Brief: Nothing but the lines below from the one containing "France – Des" through the one containing "先锋突击队完成圣诺金属研究院高压电缆迁移工作" should appear in the answer, exact and without pictures.

Supplied entries:
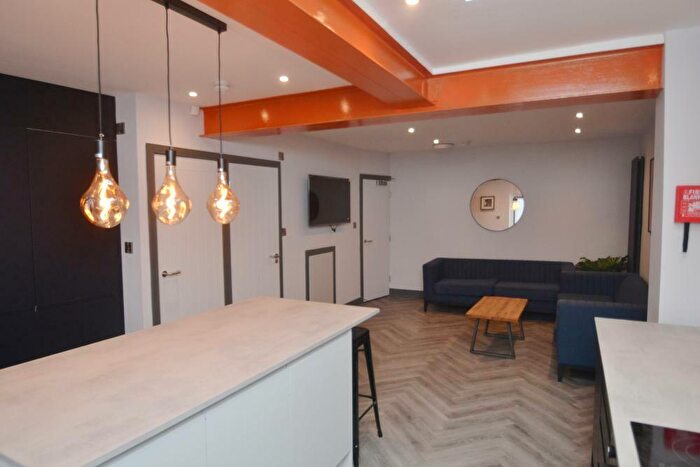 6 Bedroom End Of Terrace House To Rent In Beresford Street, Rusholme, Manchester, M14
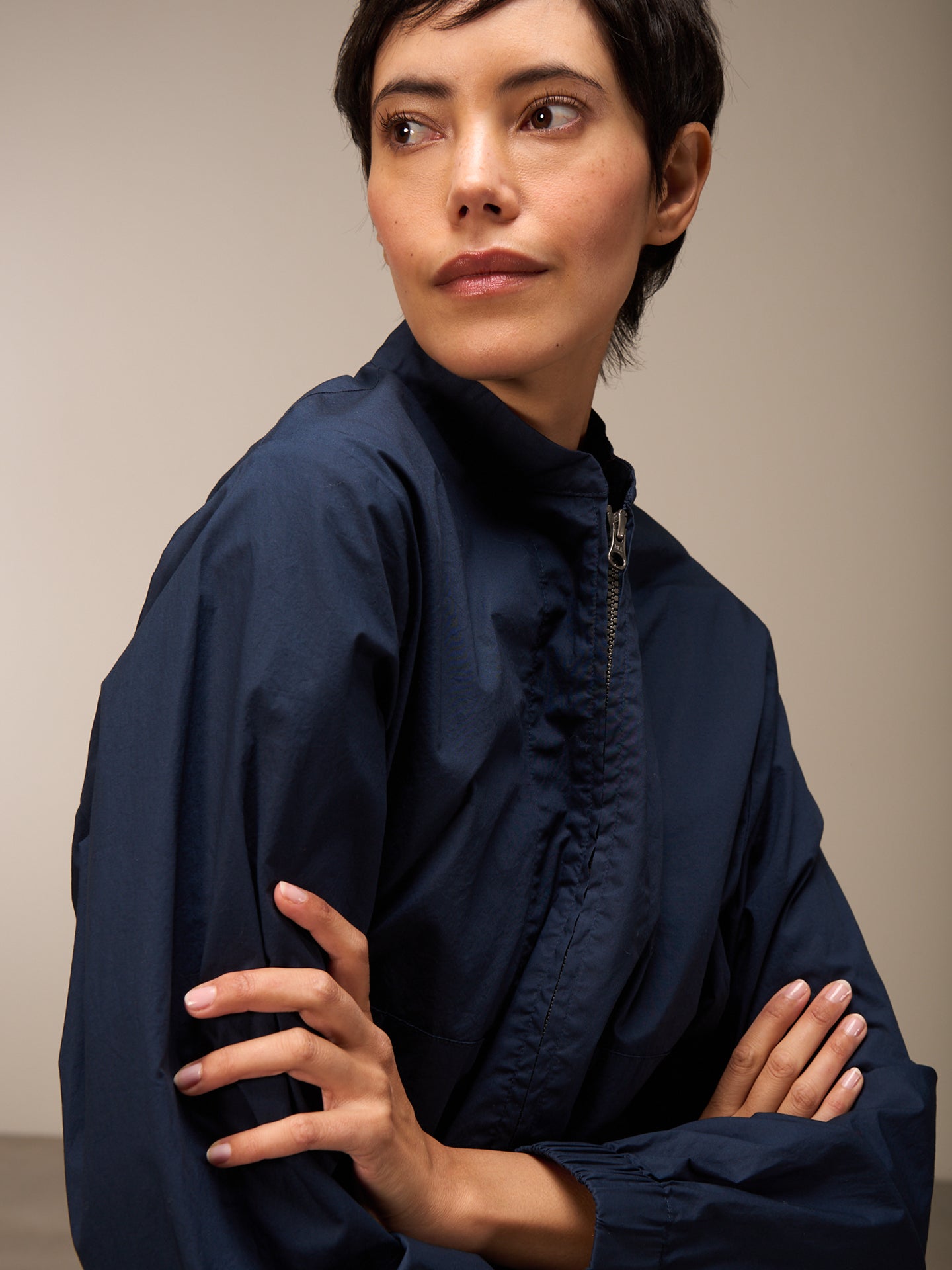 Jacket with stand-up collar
==
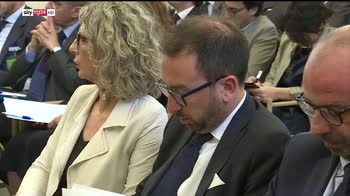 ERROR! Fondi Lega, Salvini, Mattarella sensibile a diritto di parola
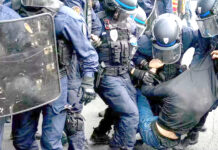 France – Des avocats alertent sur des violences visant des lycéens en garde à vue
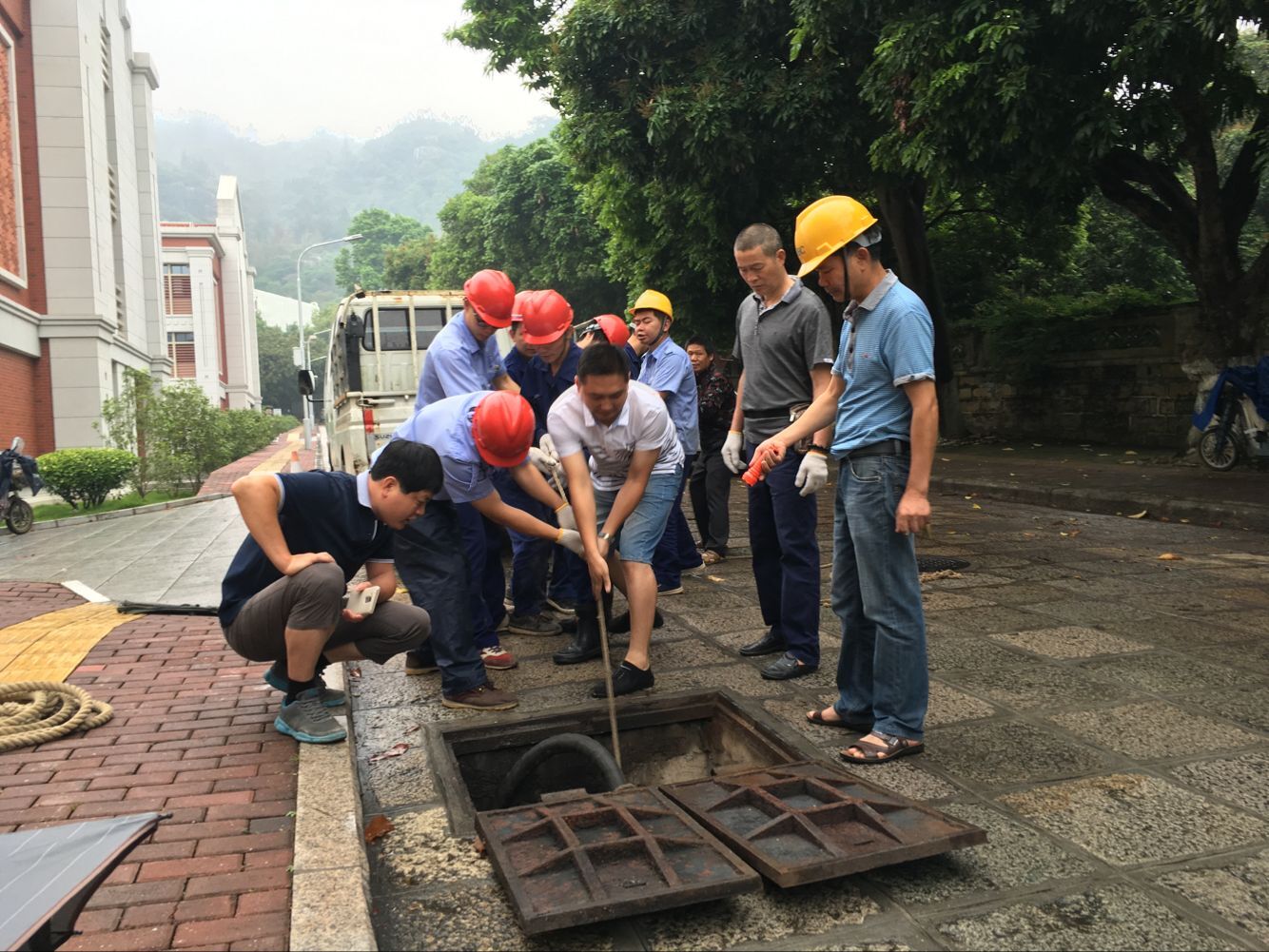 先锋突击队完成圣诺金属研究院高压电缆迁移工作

Solution for this problem:
 France – Des avocats alertent sur des violences visant des lycéens en garde à vue
 先锋突击队完成圣诺金属研究院高压电缆迁移工作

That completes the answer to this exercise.